Quando pensamos os mercados ilegais como cadeias extensas e complexas, que articulam de forma desigual uma multiplicidade de agentes, é notável que o risco de incriminação se concentra nos mais baixos operadores desses mercados. Esses, em geral jovens em situação de vulnerabilidade social, figuram como as franjas de tais cadeias, estando muito mais expostos ao risco e à violência - além de extraírem os menores ganhos pelo engajamento nelas. Porém, para a economia formal, o envolvimento desses jovens no “mundo do crime” representa mais dinheiro circulando (Feltran, 2019). Os mercados ilegais representam não um contraponto à “economia”, mas sim uma parte cada vez mais expressiva desta (Beckert e Dewey, 2017). Para muitos jovens pobres, se engajar nesses mercados é uma possibilidade para sobreviver na adversidade (Hirata, 2018). Para agentes estatais, sobretudo policiais, a gestão desses mercados possibilita que eles atuem como “mercado de proteção” (Misse, 2007). Do ponto de vista da economia, esses mercados podem ser vistos como mecanismos de produção de uma “globalização vista por baixo” (Portes, 1997; Tarrius, 2002; Knowles, 2017).
Nas periferias do chamado “Sul Global”, e especialmente em cidades latino-americanas, os mercados ilegais e a atuação de grupos criminais são um tema muito discutido, seja no debate acadêmico, seja no debate público. É comum que a presença de tais mercados seja vista como um “problema”, que coloca em xeque o exercício de uma dominação estatal e que desafia a própria ideia de desenvolvimento econômico. Um problema associado à violência, à desigualdade, ao subdesenvolvimento econômico e à ausência do estado6. Difunde-se, dessa forma, um sentimento de insegurança (Kessler, 2010), que demanda intervenção de agentes estatais e também do setor privado. Facções, gangues, pandillas, cartéis, são alçados ao status de “inimigos públicos”, independentemente das diferentes configurações que o crime e os mercados ilegais operados por atores e grupos criminais assumem em cada contexto.

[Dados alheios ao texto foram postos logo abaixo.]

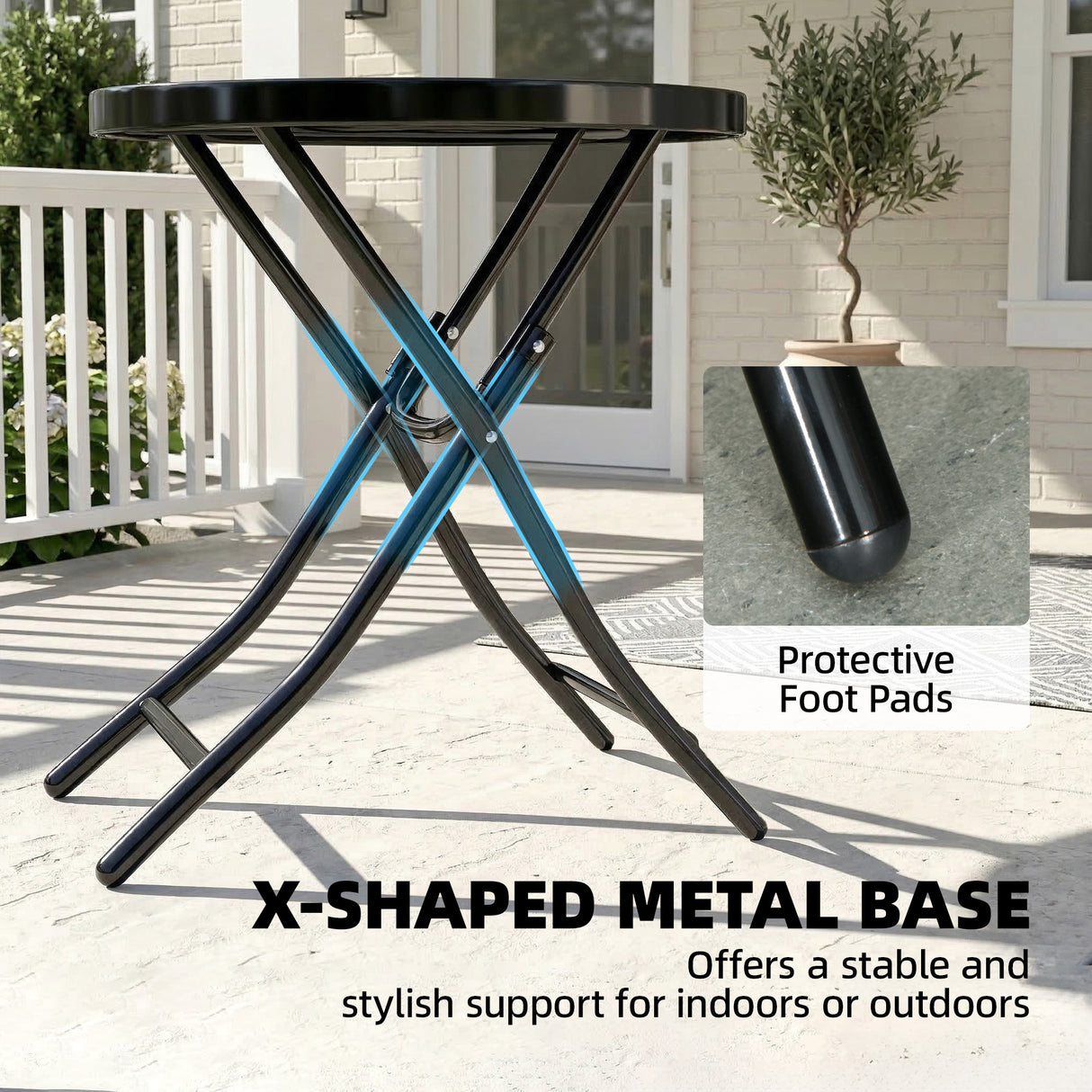 Glass Top Outdoor Garden Patio Side Table Round - Velmora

Neste artigo, propomos uma ruptura com relação a essa narrativa. Em primeiro lugar, porque ela parte de uma ideia reducionista e normativa de estado, que não considera que, em um plano empírico, a produção de “governanças criminais” (Lessing, 2021) frequentemente está associada não a uma ausência do estado, mas sim a formas específicas de exercício da governança estatal. Nessa perspectiva, estado e crime são intimamente conectados, e não opostos inconciliáveis. Em segundo lugar, essa narrativa parte de uma oposição rígida entre os “mercados ilegais” e “o mercado formal”, o que também representa uma forma reducionista e normativa de se entender a economia. Por fim, mas não menos importante, essa narrativa desconsidera o fato de que a gestão é uma categoria que se situa em uma intersecção entre a política e a economia. Aquilo que entendemos como gestão não parte exclusivamente do poder público, há uma pluralidade de agentes privados que co-participam da produção e da operação de mecanismos gestionários. Inclusive atores criminais. A regulação de mercados ilegais, entendida como forma de “gestão do crime”, não é um privilégio do estado. Pelo contrário, ela é, também, um mercado, intensamente disputado. Por grupos criminais, mas também por elites econômicas e grandes empresas, atuantes na dita economia formal - e também por agentes estatais situados “nas margens do estado” (Das e Poole, 2008).
A gestão estatal não é vista aqui como um objeto totalmente contido em conceituações rígidas do público ou do “Estado”. Ela é produzida por uma pluralidade de agentes, técnicos, gestores públicos e burocratas de nível de rua (Lipsky, 2019), que mantém interfaces mais ou menos próximas com agentes ligados à sociedade civil e ao capital privado (Wedel, 2003). Assim, a formulação e a aplicação de políticas públicas são um campo de disputas, tanto entre projetos, quanto por capital político e por recursos econômicos. Do protagonismo de agentes situados às margens do estado (Das e Poole, 2008) à coexistência de diferentes regimes normativos que compartilham com o regime estatal o papel de reguladores (Feltran, 2014), o cotidiano das periferias urbanas no Brasil é marcado pela produção de interfaces muito singulares com o estado - e, sobretudo, com as forças de Segurança.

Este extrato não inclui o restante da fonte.